Joel S. Wit and Jenny Town May 2 2013, 9:10 AM ET
The crisis on the Korean peninsula appears to have died down, but we shouldn't be fooled just because it's no longer front-page news. Serious problems remain that could flare up at a moment's notice plunging the United States and the two Koreas back into a tense confrontation. Given that danger, now may be the right time to begin dialogue with the North Koreans to see whether there is a peaceful path forward. Recognizing the important role diplomacy may play in defusing this problem, Secretary of State John Kerry raised this possibility with North Korea at the end of his recent trip to Asia.
Talking to the North Koreans can serve our national interests -- a view that has been held by every American administration since President Ronald Reagan first initiated talks with Pyongyang in 1988.
However, Kerry certainly has his work cut out for him; the prevailing wisdom is that it is a waste of time talking to the North Koreans. Leaving aside the myths that they are crazy (which they are not) and that they cheat (which they sometimes do but not always), there is also a constant mantra recited by the White House as well as U.S. politicians, pundits, and media. It goes like this: we need to break the vicious cycle of North Korean threats; we pay them off, get nothing in return, and they just threaten us again. Anyone familiar with the past 20 years of U.S.-North Korean relations knows this is not true. Indeed, my experience at the U.S. State Department from 1993 until 2002 tells me that talking to the North Koreans can serve our national interests.
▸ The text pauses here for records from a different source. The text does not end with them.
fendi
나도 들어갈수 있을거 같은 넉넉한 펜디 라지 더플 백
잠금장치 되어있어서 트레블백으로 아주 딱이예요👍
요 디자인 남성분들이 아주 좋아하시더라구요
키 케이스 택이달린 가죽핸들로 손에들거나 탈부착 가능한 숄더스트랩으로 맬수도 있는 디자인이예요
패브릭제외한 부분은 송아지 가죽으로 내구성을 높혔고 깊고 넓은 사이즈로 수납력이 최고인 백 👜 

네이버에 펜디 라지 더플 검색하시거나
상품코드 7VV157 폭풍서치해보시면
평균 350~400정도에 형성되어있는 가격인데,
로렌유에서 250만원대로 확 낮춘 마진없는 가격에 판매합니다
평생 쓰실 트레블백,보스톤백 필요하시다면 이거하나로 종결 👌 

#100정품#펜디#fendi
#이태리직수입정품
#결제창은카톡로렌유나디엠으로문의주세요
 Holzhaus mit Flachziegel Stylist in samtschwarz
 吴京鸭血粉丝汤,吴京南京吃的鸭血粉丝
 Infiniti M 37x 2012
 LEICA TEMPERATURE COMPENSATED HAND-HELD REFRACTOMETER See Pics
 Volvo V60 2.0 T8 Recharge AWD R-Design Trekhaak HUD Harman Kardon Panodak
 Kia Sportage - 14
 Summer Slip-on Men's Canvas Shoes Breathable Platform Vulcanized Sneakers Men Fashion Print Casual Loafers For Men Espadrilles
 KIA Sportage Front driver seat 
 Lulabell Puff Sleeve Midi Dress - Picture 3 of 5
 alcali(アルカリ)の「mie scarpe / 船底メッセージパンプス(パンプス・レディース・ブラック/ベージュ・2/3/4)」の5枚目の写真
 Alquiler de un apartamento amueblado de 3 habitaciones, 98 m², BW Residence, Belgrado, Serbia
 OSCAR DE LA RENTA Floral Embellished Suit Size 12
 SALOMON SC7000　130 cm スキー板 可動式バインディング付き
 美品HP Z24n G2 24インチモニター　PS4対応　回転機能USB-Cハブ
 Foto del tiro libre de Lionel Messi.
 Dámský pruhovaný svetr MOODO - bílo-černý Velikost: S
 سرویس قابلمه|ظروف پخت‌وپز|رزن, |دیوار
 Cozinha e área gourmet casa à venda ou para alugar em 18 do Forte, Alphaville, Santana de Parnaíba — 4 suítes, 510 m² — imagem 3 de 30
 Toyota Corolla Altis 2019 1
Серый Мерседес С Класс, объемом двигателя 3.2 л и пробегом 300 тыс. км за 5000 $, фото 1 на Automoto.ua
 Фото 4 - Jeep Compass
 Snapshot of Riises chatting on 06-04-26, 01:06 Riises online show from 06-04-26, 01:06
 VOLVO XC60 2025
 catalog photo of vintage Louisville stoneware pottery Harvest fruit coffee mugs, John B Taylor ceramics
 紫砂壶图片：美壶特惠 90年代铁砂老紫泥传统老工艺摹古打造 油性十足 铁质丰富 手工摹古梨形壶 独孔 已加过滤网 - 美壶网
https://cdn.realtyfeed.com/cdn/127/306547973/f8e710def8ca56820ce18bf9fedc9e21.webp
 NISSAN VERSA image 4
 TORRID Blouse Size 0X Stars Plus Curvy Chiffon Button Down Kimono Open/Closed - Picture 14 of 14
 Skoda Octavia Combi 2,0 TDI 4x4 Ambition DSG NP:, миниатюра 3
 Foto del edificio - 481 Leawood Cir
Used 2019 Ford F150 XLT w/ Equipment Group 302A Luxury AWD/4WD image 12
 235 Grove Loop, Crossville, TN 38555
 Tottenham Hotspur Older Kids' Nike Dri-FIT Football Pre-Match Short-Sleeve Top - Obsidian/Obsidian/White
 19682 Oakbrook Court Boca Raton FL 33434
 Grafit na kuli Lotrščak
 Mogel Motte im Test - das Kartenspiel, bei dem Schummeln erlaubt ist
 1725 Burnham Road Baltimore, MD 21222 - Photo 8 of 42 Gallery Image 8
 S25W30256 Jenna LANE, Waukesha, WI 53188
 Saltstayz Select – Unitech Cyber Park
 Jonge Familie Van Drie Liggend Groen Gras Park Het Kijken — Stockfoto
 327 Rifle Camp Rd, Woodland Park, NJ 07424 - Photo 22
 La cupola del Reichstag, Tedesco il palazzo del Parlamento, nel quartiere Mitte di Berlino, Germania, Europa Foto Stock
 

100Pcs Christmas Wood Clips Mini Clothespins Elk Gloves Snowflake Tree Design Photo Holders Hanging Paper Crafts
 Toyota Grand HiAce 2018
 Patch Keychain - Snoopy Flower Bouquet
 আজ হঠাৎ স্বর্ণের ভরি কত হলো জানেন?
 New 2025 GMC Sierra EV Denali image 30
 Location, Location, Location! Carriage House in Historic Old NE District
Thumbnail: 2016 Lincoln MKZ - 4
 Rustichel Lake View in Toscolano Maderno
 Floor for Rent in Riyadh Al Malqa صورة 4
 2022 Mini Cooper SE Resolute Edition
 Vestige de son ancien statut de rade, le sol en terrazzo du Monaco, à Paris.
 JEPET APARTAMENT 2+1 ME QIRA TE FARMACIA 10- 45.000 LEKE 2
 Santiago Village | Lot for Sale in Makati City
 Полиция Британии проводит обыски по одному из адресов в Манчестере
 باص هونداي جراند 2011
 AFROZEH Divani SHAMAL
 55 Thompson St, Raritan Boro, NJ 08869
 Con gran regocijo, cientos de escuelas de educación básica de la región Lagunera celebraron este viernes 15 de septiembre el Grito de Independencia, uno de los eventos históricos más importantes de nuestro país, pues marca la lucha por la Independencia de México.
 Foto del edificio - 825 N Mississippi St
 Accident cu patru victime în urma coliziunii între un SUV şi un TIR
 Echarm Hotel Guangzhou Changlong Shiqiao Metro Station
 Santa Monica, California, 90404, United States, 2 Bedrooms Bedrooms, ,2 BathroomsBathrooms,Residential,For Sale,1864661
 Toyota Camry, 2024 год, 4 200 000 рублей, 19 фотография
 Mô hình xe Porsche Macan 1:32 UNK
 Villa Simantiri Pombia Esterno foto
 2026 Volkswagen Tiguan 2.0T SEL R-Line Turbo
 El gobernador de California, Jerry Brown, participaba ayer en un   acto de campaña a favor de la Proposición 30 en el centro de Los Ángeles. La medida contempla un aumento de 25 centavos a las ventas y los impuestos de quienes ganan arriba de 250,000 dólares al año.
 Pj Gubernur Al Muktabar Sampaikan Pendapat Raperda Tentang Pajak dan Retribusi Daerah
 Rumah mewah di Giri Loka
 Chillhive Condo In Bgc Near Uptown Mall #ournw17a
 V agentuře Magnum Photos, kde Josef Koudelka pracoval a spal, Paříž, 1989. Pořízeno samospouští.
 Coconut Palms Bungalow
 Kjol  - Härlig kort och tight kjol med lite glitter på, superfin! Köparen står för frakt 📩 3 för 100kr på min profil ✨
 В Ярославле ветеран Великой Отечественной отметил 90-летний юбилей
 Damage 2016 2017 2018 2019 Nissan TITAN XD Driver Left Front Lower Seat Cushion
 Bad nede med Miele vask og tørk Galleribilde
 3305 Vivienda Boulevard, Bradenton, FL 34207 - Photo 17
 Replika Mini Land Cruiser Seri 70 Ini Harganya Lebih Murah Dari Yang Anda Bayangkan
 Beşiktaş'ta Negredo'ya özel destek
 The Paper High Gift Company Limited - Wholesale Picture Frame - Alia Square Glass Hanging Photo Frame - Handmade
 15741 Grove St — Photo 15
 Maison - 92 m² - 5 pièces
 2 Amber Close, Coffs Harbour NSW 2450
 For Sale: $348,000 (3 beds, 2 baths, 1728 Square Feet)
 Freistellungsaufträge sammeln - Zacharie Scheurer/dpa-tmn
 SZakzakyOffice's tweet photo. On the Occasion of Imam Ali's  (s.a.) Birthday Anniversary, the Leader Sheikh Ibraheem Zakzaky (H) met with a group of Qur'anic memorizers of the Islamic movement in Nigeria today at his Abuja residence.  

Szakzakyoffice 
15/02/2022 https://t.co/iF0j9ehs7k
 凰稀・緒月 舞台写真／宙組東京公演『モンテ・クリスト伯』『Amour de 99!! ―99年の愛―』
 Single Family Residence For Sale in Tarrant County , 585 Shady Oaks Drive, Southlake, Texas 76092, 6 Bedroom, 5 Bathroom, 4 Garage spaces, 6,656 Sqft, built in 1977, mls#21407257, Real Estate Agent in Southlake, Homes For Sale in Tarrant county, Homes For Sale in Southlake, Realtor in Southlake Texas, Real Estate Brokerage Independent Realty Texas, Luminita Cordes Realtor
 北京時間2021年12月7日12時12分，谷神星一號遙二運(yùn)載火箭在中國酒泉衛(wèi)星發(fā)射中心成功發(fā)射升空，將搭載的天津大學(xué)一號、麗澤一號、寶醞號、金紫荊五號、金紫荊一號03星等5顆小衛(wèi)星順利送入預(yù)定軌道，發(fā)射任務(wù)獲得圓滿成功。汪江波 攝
And that view has been held by every American administration since President Ronald Reagan first initiated talks with Pyongyang in 1988.
The poster child for this rant is the landmark deal reached between the United States and North Korea in October 1994 after the two almost went to war, called "the Agreed Framework." Greeted with howls of disapproval by conservatives such as Senator John McCain, who called the framework "appeasement" and my boss -- Ambassador Robert Gallucci -- who negotiated it "an unmitigated disaster," the agreement in fact stopped a mushrooming multi-billion dollar nuclear weapons program in its tracks without giving the North Koreans much in return. At the time, secret American intelligence estimates projected that the North could build up to 100 nuclear weapons by the year 2000. By the time the arrangement collapsed in 2002, the North only had enough nuclear material for a handful of weapons. In return, it had received a few hundred million dollars worth of fuel oil plus unfinished nuclear power reactors in the form of two concrete-filled holes in the ground.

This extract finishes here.